Tuesday, January 6, 2009

The Doubleheader




There was a lot of love in the air on Saturday.

You may not have noticed. You may have only woken up to a ridiculously warm, 75-degree January day in Houston, Texas without a care in the world. I think someone forgot to tell South Texas that it is winter. Meanwhile, 25 miles North in The Woodlands, I had been attending wedding festivities for a full 48 hours already.

48 hours. You heard me.

I flew from Dallas to Houston on New Year's Day, rented a car with an obsolete GPS system and got well-acquainted with the highway system of the greater Houston area. My Thursday-Saturday were meticulously scheduled for wedding events. I had Google Maps less than organized into a folder, along with a sheet of the addresses and times I was expected where, phone numbers for those destinations and various invitations. Not to mention a three-page itinerary of plans for going to the Fiesta Bowl in Phoenix on Sunday morning, but that is another story.

I arrived to a deserted resort on Thursday, which was quickly filled up by my family, extended relatives and relatives of those relatives, etc. by Friday afternoon. The wedding I came in town early for was my friend from college, MD's wedding, while my family was in town for the wedding of a family friend. My cousin KH was the Maid of Honor in that wedding, and since our mothers (who are sisters) had the bright idea that KH, her brother BH, my brother LH and I should all share a hotel room, we had a full two days of chaos that comes with siblings in their early twenties, used to plentiful personal space, in close quarters with multiple suitcases.

Two girls, on one hand, who constantly had to be awake, showered and in different outfits and moving from Point A to Point B at specific times. Two guys, on the other hand, who only got out of bed at 10:30 on Saturday because they were promised omelets, and who spent most of their time lounging in plush white beds with strewn Sports sections from different papers and trails of shed clothing everywhere.

In spite of the hectic schedule, I got to enjoy parts of each wedding (one's ceremony, the other's reception). My friend MD asked me to do a reading in her wedding on our way to the river over the summer, and I said yes because she's one of my favorite, most unlikely of friends from college and because I have to start somewhere in overcoming my phobia of public speech.

I met MD before my freshman year (her sophomore year) because she was my counselor at Fish Camp, a long weekend in Middle of Nowhere, East Texas where incoming freshman go to meet each other and learn about the traditions of the university. Never having attended a non-Christian affiliated camp without wardrobe and curfew restrictions, I was wide-eyed and naive to the goings-on of my fellow campers and clung to her like girl-shaped glue. We ended up bonding over a mutual love for all things Kate Spade, and I thought of her as a mentor as we kept a standing lunch date on Fridays for four years. Class schedules were altered and all others were put on hold for those few hours we spent together every week.

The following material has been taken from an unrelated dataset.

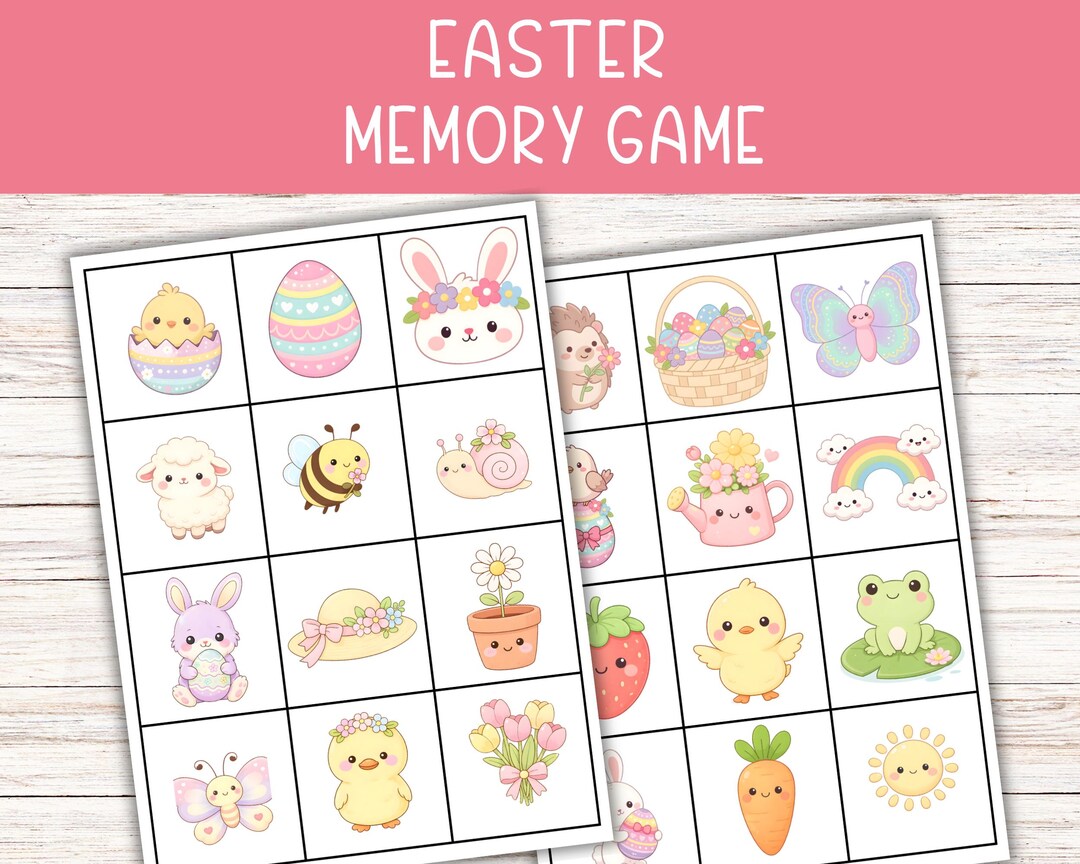 Easter Memory Game for Kids | Printable Spring Matching Activity (24 ...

EB, the other bride, is the cousin of my cousins, who I have literally known my entire life because we were born the exact same day: January 14, 1985. We actually became friends in college, when she went to UT and randomly ended up living two doors down from my friend MK. I walked into her reception late, but in time to witness a colliding of many of my worlds.

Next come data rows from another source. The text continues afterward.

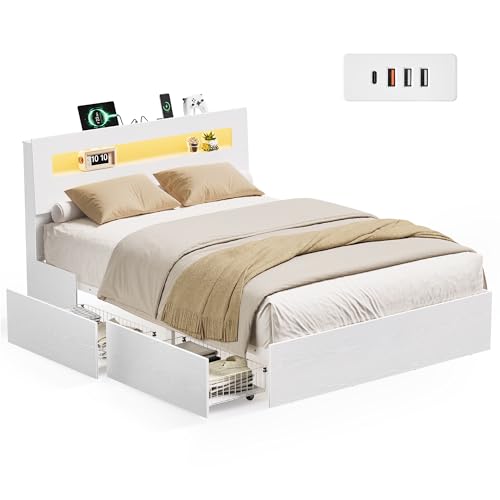 VASAGLE Kailyn Collection - Cadre de Lit avec 2 Tiroirs Coulissants 140 x 190 cm, Lit Double, avec LED, Multiprise, en MDF et Acier, avec Sommier, Style...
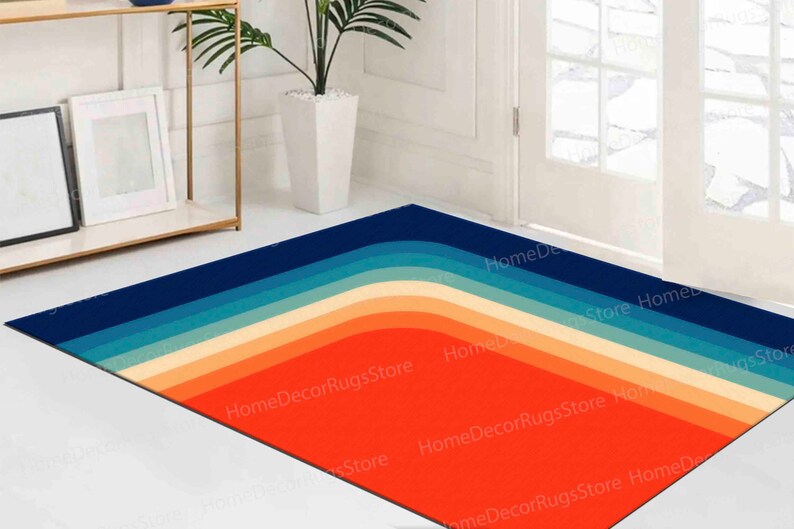 Mid Century Rugs, Accent Rugs, Modern Rug, Modern Pattern Rug, Colorful Rugs, Living Room Rug, Anti-Slip Carpet Rugs, Minimal Rugs, Bild 3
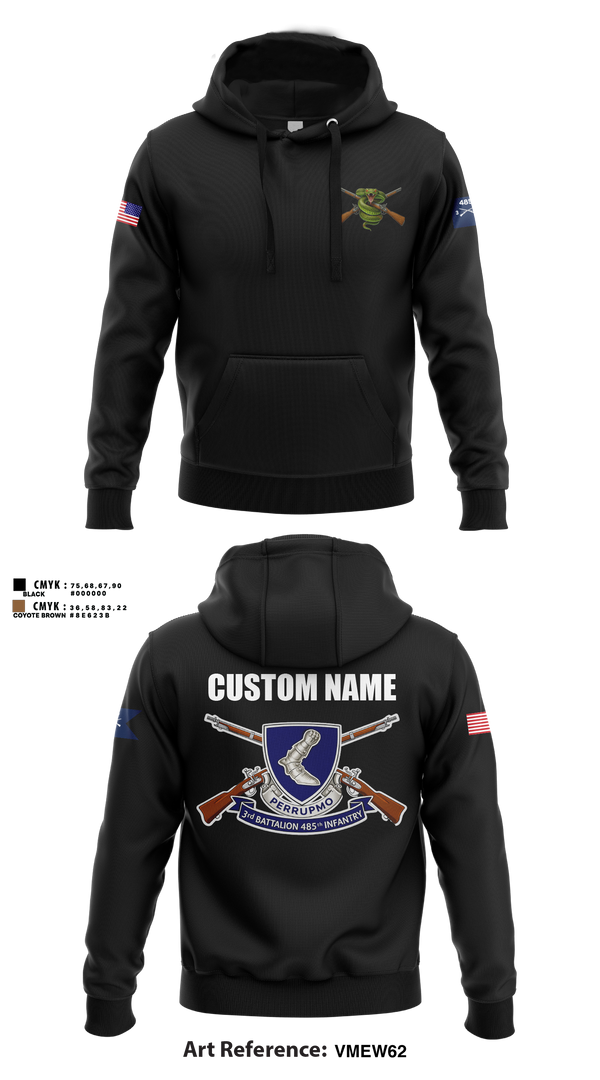 Hoodie, 3/485th IN BN VIPERS, Army, Teamtime, Team time, sublimation, custom sports apparel, team uniforms, spirit wear, spiritwear, sports uniforms, custom shirts, team store, custom team store, fundraiser sports, apparel fundraiser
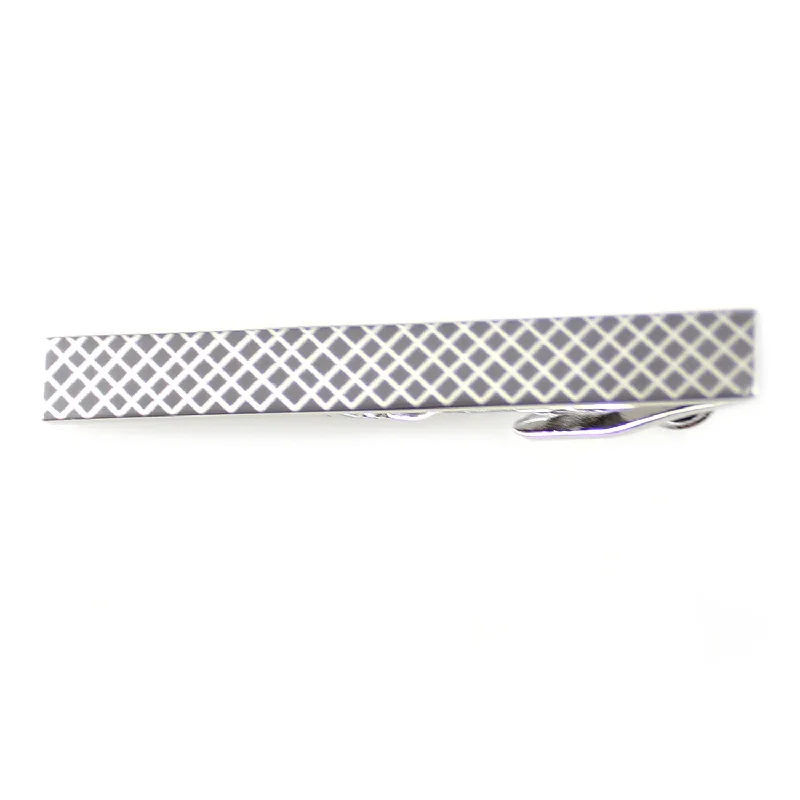 Personalized engraved tie clip with wedding date for a memorable gift -Claremont Silver Checkered Tie Bar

I somehow managed to not eat between the two events, and since I was the designated driver of BH, KH and LH who were a few beers and glasses of champagne the wiser, I became the chauffeur to the first fast food restaurant we could find: McDonald's.

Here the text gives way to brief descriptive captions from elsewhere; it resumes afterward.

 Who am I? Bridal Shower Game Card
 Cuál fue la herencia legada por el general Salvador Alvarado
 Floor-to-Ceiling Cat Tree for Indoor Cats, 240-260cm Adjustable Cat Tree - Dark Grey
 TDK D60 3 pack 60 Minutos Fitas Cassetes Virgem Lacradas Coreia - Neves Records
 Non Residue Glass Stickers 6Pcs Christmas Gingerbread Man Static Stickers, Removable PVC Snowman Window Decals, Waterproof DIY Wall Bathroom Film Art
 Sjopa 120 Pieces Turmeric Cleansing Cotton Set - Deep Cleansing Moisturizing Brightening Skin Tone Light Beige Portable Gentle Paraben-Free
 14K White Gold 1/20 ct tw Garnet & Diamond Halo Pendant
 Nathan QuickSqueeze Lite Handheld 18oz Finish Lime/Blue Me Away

When we returned to the hotel I heard the sack rip as we got out of the car, and in the time it took for me to walk around to other side of the car with the accident, I witnessed a mess of french fries, gravel, and my brother and cousins, crouching over them. Eating. Eating french fries off the ground in their wedding attire.



"Being deeply loved by someone gives you strength,
While loving someone deeply gives you courage."